The Titanic was a British ocean liner that sank in 1912 on its very first voyage after striking an iceberg, killing about 1,500 people. The disaster shocked the world and became one of the most famous and studied tragedies in history.
The Titanic was the largest and most luxurious ship of its day, a marvel of engineering and a symbol of the age's confidence in technology. With its grand staircases, fine dining, and modern safety features, it was widely believed to be practically unsinkable, an assumption that would prove tragically misplaced.
On 10 April 1912 the Titanic set out from Southampton, England, bound for New York, carrying more than 2,200 passengers and crew. They ranged from wealthy elite travellers in opulent first class cabins to poor emigrants in steerage, seeking a new life in America, all sharing in the excitement of the maiden voyage.

Late on the night of 14 April, in calm, frigid waters, the Titanic struck an iceberg, which tore a series of gashes in its hull below the waterline. Water flooded into the ship's compartments, and despite its supposedly advanced design, the great liner began, slowly and inexorably, to sink.

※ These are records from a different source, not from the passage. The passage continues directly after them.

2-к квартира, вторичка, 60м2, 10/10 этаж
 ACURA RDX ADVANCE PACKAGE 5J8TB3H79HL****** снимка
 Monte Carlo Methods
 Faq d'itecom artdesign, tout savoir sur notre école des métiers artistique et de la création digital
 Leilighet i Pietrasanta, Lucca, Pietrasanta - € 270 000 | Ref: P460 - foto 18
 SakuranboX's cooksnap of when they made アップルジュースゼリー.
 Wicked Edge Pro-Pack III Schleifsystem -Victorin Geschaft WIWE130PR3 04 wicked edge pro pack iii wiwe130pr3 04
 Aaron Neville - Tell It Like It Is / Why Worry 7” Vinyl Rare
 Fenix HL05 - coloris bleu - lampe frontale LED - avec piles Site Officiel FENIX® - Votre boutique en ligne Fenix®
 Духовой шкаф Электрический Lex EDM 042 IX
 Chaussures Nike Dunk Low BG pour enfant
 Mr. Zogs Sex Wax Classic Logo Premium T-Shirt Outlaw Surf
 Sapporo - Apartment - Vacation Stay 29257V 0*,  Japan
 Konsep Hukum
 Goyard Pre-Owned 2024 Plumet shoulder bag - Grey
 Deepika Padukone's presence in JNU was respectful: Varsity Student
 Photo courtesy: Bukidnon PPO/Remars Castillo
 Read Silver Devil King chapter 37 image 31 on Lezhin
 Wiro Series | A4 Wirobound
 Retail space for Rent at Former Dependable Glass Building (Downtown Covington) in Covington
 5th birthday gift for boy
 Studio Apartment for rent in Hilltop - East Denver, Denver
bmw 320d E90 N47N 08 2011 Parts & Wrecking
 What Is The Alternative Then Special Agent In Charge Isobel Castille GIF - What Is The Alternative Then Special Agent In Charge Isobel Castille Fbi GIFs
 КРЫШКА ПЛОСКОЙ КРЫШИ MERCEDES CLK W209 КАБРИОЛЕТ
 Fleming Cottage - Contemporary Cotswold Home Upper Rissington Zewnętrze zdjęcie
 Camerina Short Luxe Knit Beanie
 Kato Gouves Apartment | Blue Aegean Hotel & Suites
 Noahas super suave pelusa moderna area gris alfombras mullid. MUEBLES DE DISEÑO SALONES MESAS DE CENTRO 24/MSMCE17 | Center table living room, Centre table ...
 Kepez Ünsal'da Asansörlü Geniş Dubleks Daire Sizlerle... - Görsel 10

The disaster was made far deadlier by a fatal shortage of lifeboats; there were nowhere near enough for everyone aboard. As the ship sank over the course of less than three hours, hundreds were left with no place in a boat, and many who ended up in the icy water perished within minutes.

In the chaos of the sinking, stories emerged of courage and order amid terror, of the band said to have played on as the ship went down, and of the rule that women and children should go first to the boats. About 700 people survived, plucked from the lifeboats by a ship that arrived too late to save the rest.
The Titanic disaster led to major reforms in maritime safety. New rules required ships to carry enough lifeboats for everyone aboard, to maintain a round the clock radio watch, and to follow safer practices in icy waters, changes that have saved countless lives in the years since.
For more than seven decades the wreck lay lost in the deep, until it was discovered in 1985, broken in two on the ocean floor more than three kilometres down. The haunting images of the rusting hulk brought the tragedy vividly back to life and allowed scientists to study the disaster anew.
More than a century later, the Titanic endures in books, films, exhibitions, and the public imagination as a powerful story of human ambition, class, courage, and tragedy. It stands as a lasting reminder of the limits of technology and of the human cost when confidence outruns caution.